The selection of collaborating centres is critical. It needs consideration of possible recruitment figures, previous recruitment records, research infrastructure (clinical research time, research staff and administrative support), whether the local ethics and administrative systems understand emergency care, and the representative spread of types of centres (large urban EDs vs others). Although past performance is the best guide to future success, enthusiasm and motivation are key ingredients and there should be room in any collaborative research for the enthusiastic new researcher.

As important as finding a team of collaborators, is the creation of an ethos for a multicentre trial that makes the staff in each research site feel part of the team, rather than just functionaries who are doing the hard ‘leg work’ of the research for a bunch of academics sitting in an ivory tower. This is particularly true for large-scale investigator-led studies. The academic research leaders have to work hard at generating this positive feeling, which is difficult to define and measure, but is vital to success. Motivation for participation will not be funding (investigator-led research is not generously funded) or names on papers (especially in large-scale trials there are too many names for all to be on the paper with recent examples being the 3CPO[12] and CRASH-2[11] studies). Each local site lead needs to be motivated by wanting to improve patient care, a powerful motivation for doctors. They must feel that the research question is relevant, and that it addresses a question that they need answers for in their daily practice. Creating a team feeling is the main role of the academic leaders during the trial, both for the trial as a whole and for the site representatives at each trial site. This is a large investment in time and energy, with communication as the main task (see Communication). The trial leaders for the study overall, and for the site leaders at each recruitment site, need to be visible, positive and enthusiastic. The trial leaders need to travel, meet, talk and invest time and energy to create a positive ‘team feeling’, preferably supported by funded research staff to reinforce, motivate and assist with troubleshooting.

Research organisation

Developing the research protocol

Once collaborators have been found, the research protocol needs to be developed in detail. The initial study proposers usually take the lead with this and regular discussion with the study group will refine the detail.[4] The participant population should be described in detail (inclusion and exclusion criteria) and the study outcomes very well defined. Collaboration with a statistician from the beginning is important to ensure adequate sample size calculations and that the data collected will answer the questions posed. A decision on the need for early pilot data to assist with sample size calculation will need to be made.[8, 13] Particular thought should be given to likely adverse events related to the study and documenting the processes for informing the Ethics and Data Monitoring and Safety Committees.

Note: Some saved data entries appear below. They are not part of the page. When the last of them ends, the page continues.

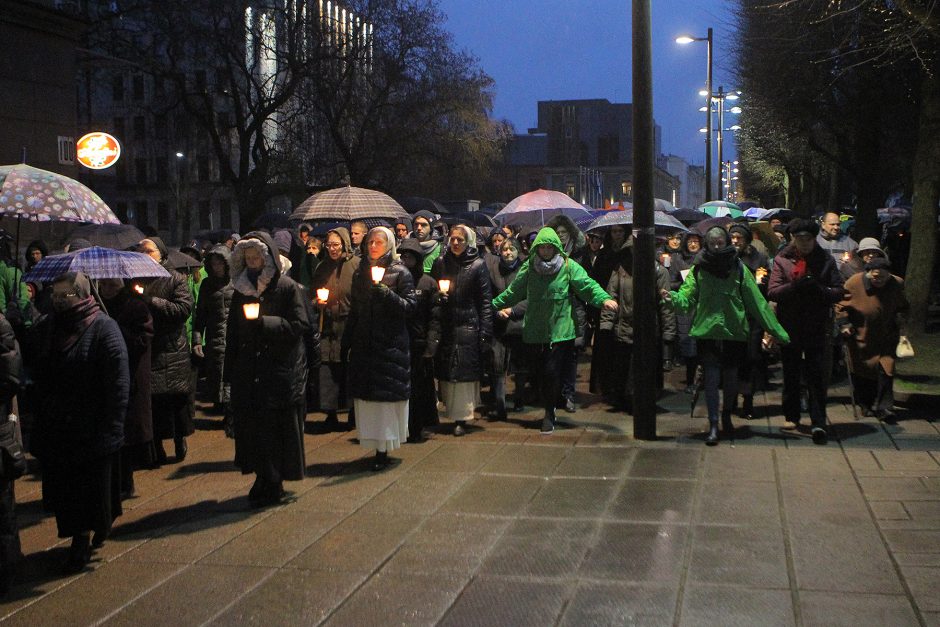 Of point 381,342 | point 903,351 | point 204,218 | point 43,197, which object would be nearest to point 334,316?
point 381,342

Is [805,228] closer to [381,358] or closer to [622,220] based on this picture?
[622,220]

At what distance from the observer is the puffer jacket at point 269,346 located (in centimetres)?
666

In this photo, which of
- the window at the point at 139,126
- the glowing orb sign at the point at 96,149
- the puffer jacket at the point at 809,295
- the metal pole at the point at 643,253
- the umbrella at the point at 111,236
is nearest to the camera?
the puffer jacket at the point at 809,295

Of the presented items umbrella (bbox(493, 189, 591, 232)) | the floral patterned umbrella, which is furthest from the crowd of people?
umbrella (bbox(493, 189, 591, 232))

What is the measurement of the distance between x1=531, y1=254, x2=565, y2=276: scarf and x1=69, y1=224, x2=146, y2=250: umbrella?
3.62 m

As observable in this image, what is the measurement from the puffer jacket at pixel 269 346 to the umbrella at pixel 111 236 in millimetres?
3197

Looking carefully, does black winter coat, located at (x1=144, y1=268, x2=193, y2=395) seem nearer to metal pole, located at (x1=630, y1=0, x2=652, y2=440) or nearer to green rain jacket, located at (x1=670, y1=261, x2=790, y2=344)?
metal pole, located at (x1=630, y1=0, x2=652, y2=440)

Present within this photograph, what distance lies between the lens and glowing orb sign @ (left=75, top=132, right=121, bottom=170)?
58.9 feet

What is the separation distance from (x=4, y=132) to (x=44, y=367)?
1198cm

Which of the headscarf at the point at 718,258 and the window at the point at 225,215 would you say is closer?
the headscarf at the point at 718,258

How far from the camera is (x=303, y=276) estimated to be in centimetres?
1234

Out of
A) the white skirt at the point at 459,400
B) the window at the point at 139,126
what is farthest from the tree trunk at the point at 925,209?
the window at the point at 139,126

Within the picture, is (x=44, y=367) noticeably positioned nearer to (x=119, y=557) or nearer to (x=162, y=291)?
(x=119, y=557)

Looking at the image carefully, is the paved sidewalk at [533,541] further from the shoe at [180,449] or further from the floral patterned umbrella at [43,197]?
the floral patterned umbrella at [43,197] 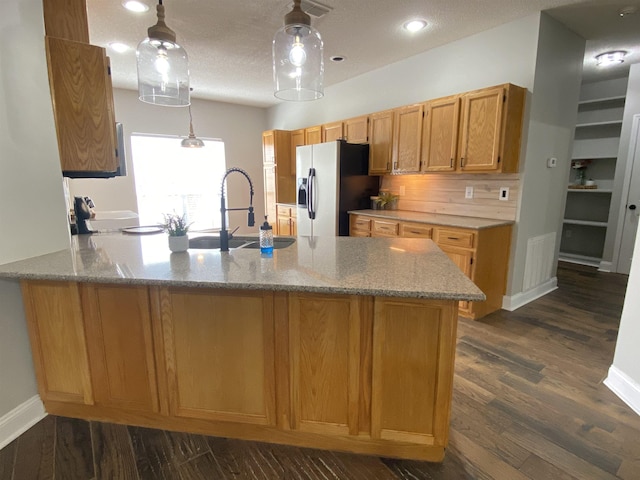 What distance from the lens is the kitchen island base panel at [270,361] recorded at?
147 cm

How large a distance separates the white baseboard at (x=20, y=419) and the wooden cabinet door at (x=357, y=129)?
3.94 meters

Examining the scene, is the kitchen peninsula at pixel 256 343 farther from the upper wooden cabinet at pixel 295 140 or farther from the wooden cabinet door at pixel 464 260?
the upper wooden cabinet at pixel 295 140

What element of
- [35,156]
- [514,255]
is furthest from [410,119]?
[35,156]

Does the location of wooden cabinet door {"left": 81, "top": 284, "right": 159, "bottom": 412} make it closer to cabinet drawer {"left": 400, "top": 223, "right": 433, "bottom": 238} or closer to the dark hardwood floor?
the dark hardwood floor

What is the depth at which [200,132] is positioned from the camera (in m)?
6.06

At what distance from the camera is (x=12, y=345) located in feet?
5.77

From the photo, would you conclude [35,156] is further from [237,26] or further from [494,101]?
[494,101]

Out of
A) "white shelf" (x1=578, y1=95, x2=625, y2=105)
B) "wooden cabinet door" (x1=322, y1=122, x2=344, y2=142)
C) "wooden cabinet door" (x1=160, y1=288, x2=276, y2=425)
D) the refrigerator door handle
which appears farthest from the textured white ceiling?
"wooden cabinet door" (x1=160, y1=288, x2=276, y2=425)

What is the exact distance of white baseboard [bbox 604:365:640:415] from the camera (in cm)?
196

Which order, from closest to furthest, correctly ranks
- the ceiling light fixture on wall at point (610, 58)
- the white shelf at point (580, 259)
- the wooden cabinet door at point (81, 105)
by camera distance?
1. the wooden cabinet door at point (81, 105)
2. the ceiling light fixture on wall at point (610, 58)
3. the white shelf at point (580, 259)

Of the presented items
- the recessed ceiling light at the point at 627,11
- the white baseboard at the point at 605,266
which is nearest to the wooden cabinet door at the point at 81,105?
the recessed ceiling light at the point at 627,11

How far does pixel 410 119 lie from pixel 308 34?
93.7 inches

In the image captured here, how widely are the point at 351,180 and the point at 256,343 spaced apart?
3.09 meters

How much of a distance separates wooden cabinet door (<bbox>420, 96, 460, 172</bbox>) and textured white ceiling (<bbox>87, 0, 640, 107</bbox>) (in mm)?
698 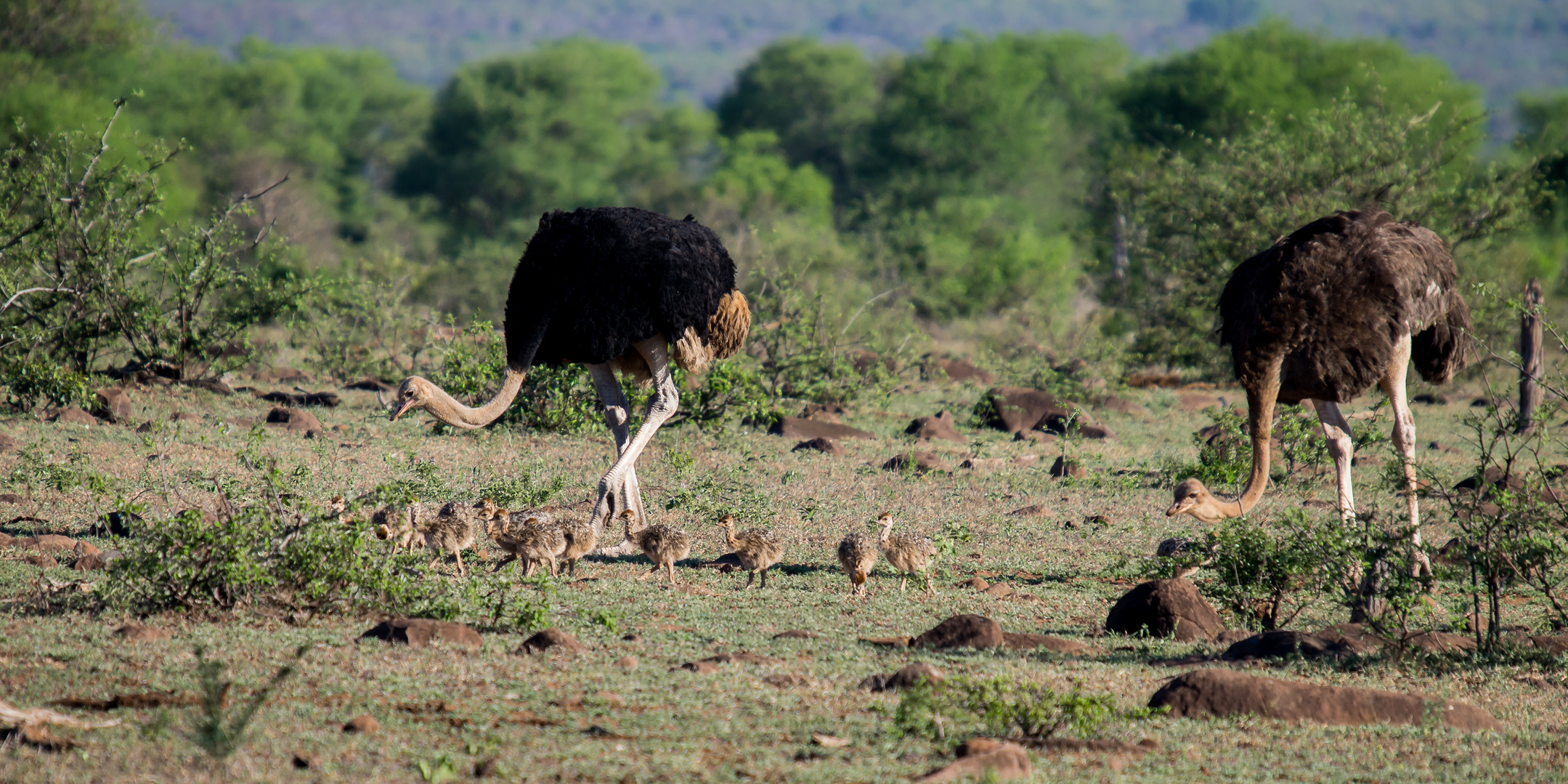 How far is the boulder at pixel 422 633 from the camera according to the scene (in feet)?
19.0

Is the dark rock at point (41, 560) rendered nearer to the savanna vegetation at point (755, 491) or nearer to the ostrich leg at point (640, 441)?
the savanna vegetation at point (755, 491)

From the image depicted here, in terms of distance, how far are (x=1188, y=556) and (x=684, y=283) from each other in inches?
131

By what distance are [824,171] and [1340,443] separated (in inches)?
1619

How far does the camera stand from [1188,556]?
7762 mm

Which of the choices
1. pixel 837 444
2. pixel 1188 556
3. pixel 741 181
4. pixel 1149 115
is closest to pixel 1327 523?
pixel 1188 556

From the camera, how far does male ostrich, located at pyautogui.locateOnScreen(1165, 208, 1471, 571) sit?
26.6 ft

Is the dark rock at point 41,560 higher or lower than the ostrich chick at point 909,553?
lower

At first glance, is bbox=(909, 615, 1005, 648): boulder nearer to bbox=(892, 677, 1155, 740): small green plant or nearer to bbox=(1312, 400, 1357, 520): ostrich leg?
bbox=(892, 677, 1155, 740): small green plant

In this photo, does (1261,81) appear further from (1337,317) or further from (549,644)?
(549,644)

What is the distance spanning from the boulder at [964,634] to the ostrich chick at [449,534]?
252 cm

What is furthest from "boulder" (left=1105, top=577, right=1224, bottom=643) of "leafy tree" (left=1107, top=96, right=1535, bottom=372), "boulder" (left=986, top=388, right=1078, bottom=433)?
"leafy tree" (left=1107, top=96, right=1535, bottom=372)

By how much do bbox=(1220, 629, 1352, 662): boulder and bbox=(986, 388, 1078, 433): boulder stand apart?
26.6 ft

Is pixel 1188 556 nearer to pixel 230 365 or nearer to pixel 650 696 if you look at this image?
pixel 650 696

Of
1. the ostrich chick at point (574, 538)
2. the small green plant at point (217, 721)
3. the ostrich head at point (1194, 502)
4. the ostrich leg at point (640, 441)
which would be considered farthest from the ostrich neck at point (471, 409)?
the ostrich head at point (1194, 502) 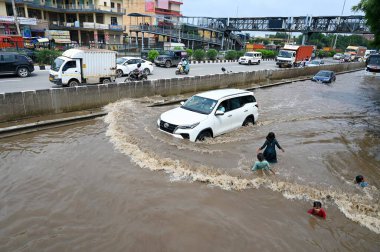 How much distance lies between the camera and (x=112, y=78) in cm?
1708

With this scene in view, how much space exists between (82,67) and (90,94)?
3.46 metres

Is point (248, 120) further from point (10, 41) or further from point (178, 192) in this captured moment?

Piloting of the research tools

Once the protocol and data collection tools have been developed, piloting their implementation at one or two sites can identify improvements needed and practical problems that are likely to arise in the conduct of the study. The entire study protocol from patient screening, enrolment, randomisation, intervention, data collection, data entry, data storage, and analysis can be tested and refined from a pilot study before conducting the definitive trial. In addition, a pilot study can evaluate the utility of the data collection instruments and case report forms. Modifications and improvements to the documents might follow.[8, 14]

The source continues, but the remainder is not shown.